脳がこれに慣れると、努力して苦痛を乗り越えてドーパミンを得るという本来の行動ができなくなります。
番経が嫌いだけど、やり遂げて親からほめてもらえばドーパミンが出る。それを求めて、宿題ができていたお子さんが、ゲームとかスマホで大量のデジタルドーパミンに触れてしまうと、親からほめられて出るわずかなドーパミンでは頑張る気力が湧かなくなります」
小学校で2時間まで
小学校までのこどもがスマホを見続けていい時間はどれくらいですか。
吉田「アメリカ小児科学会では、デジタル機器の画面を見ていいのは、2歳~5歳までのこどもは1日あたり1時間以下、6歳以上のこどもは健康的な使用を奨励しているということで、この場合はひとつの目安は2時間だという見解があります。

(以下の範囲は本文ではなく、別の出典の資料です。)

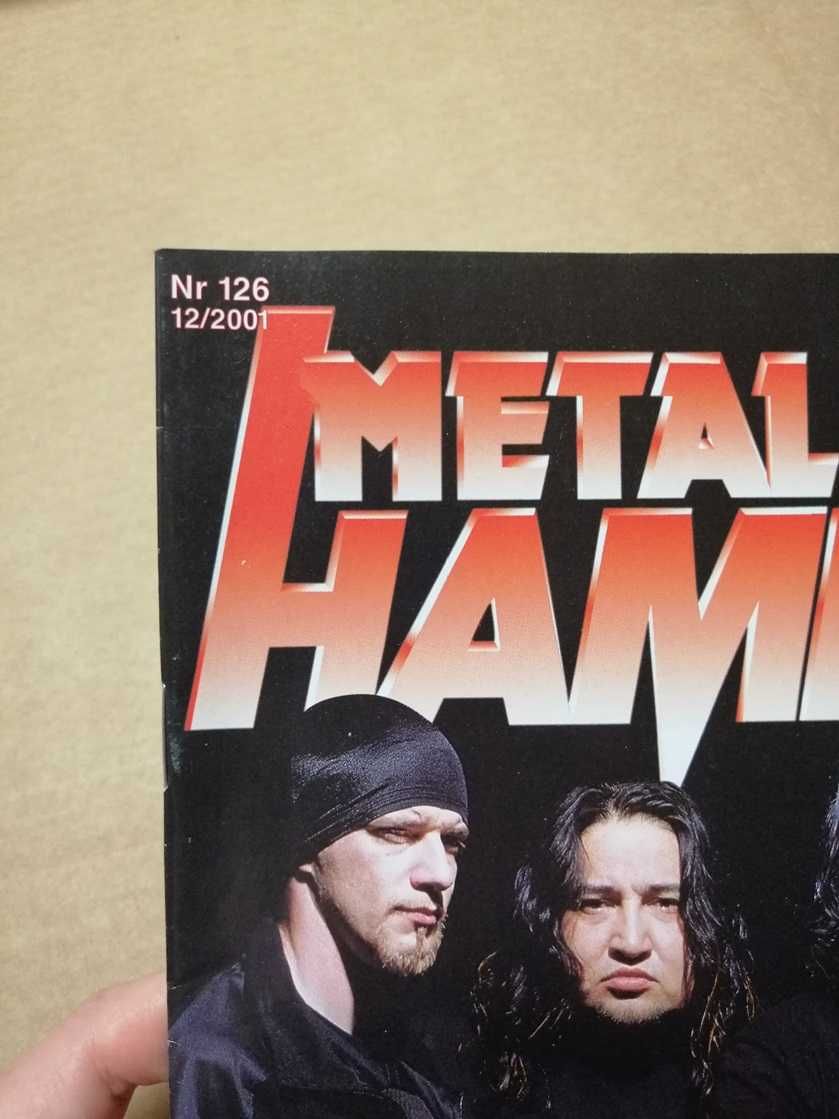 Gazeta magazyn miesięcznik Metal Hammer grudzień 2001. Nr 126, 12/2001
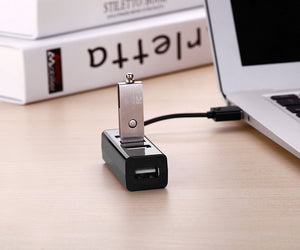 1pc 4 Ports Port USB 2.0 HUB High Speed Portable Mini USB Splitter Adapter For Laptop PC Notebook Computer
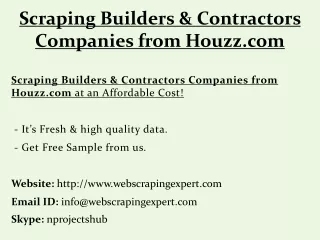 scraping builders contractors companies from houzz com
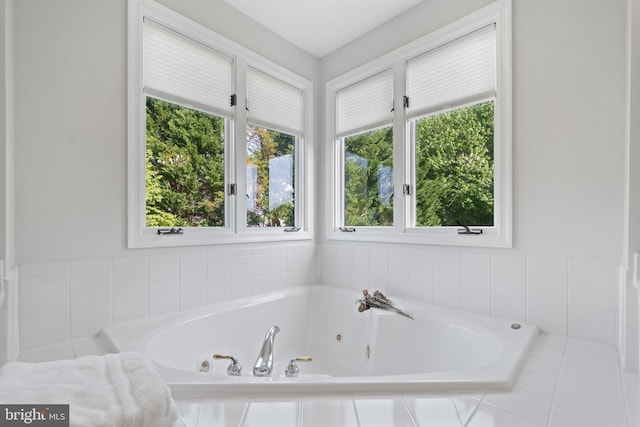 4209 Hardy Ridge Dr, Woodbridge, VA 22192 - full bath featuring a jetted tub and plenty of natural light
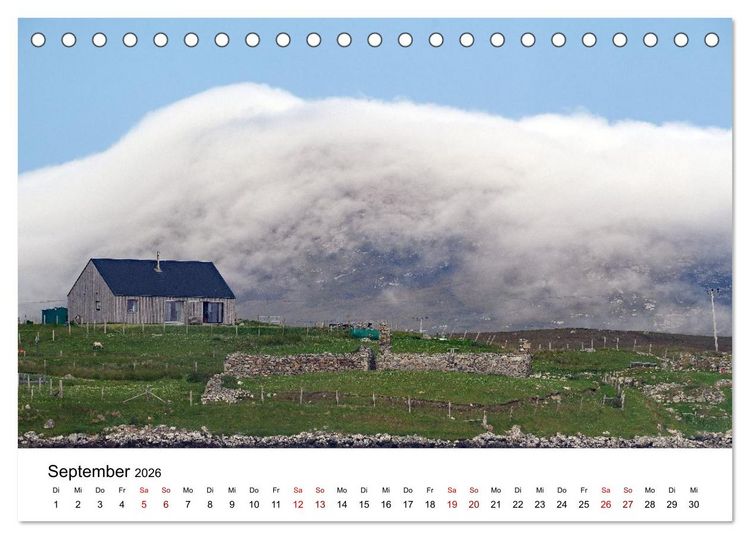 Produktbild: Von Cornwall nach Schottland (Tischkalender 2026 DIN A5 quer), CALVENDO Monatskalender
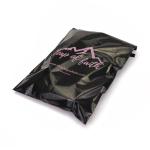 White poly mailers 17x20,China security bag, matte black shipping bag,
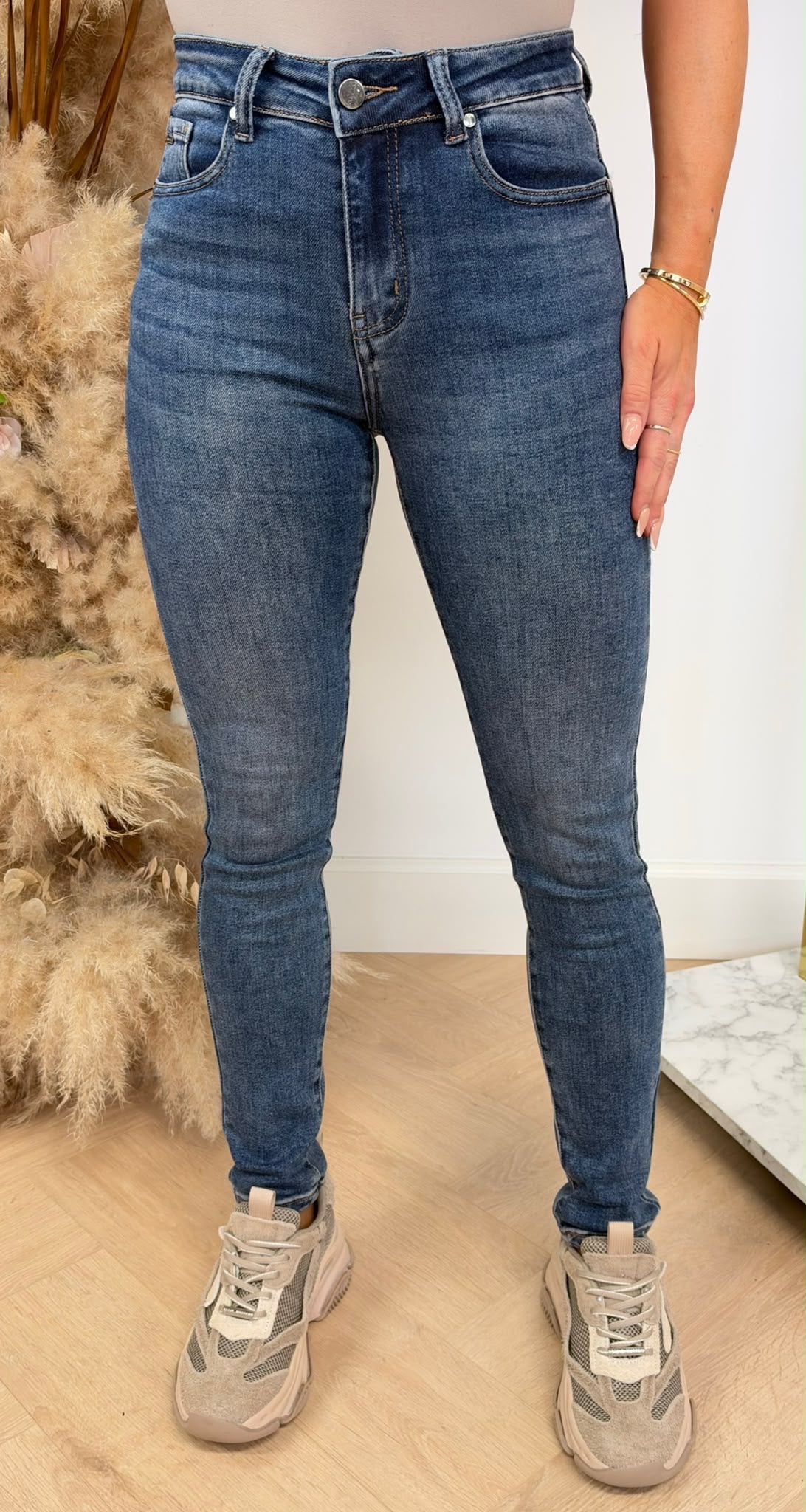 FITTED JEANS 5399-3 DENIMBLUE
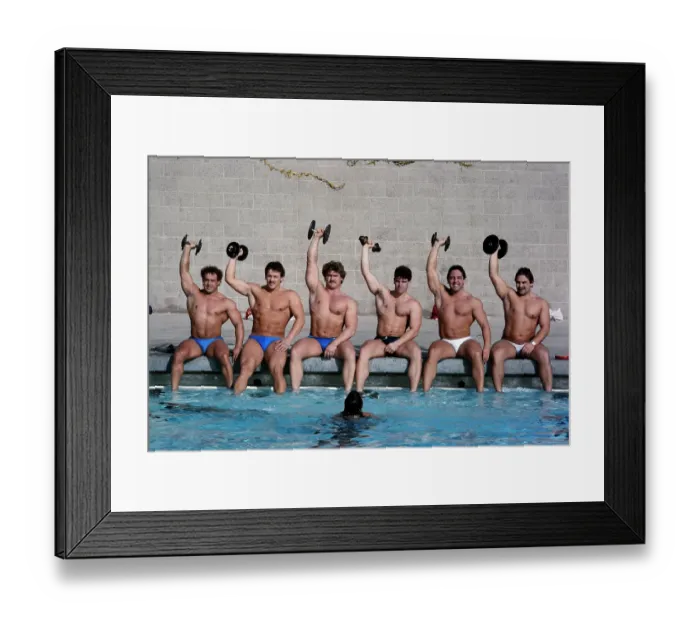 Framed Print : 1984 Summer Olympics - Men's Weightlifting Framed Print : 1984 Summer Olympics - Men's Weightlifting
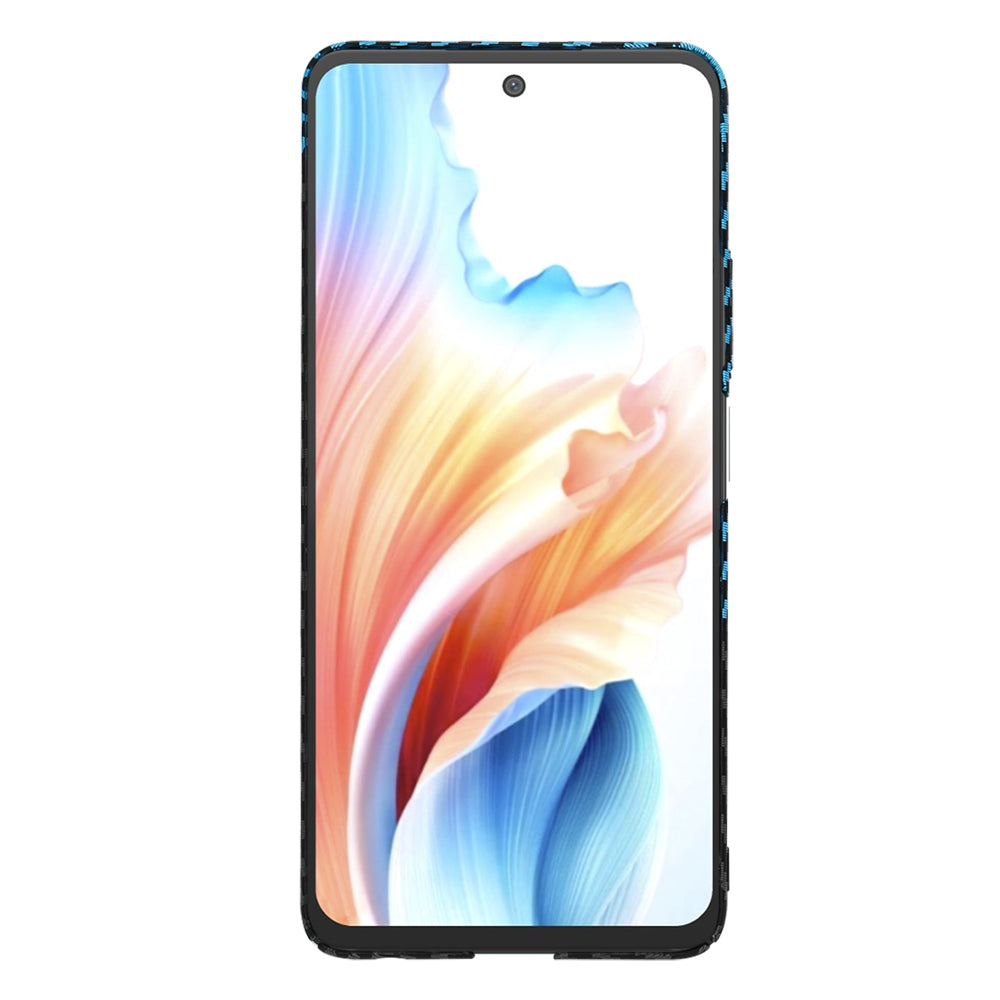Калъф за OnePlus Nord N30 SE / Oppo A79, Techsuit, Carbonite FiberShell, Черно Синьо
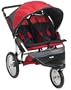 Schwinn Free Wheeler AL Double Swivel Wheel Jogger Stroller (Red/Black)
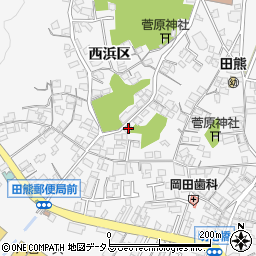 広島県尾道市因島田熊町西浜区1254周辺の地図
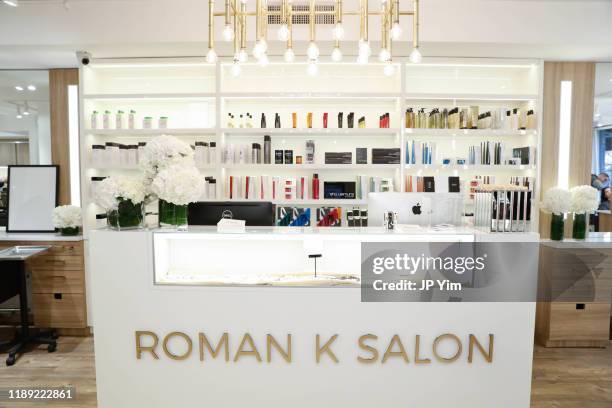 View of the atmosphere at the Roman K Salon Madison Avenue Opening on November 21, 2019 in New York City.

ただ、デジタルドーパミンの危険性を考えるとできるだけ少ない方がいい。特に現在こどもにスマホとかゲームを与えていないご家庭は夏休みデビューをさせずに、親はできるだけ粘った方がいいです」
デジタルドーパミンが出だすと、元に戻るのは難しいのでしょうか?
吉田先生「そうなんです。もちろん程度はまったく異なりますが覚醒剤と同じ仕組みです。脳内でA10神経という神経系が努力なしにドーパミンが出る。それを経験すると、自分の意思では離脱が困難になります。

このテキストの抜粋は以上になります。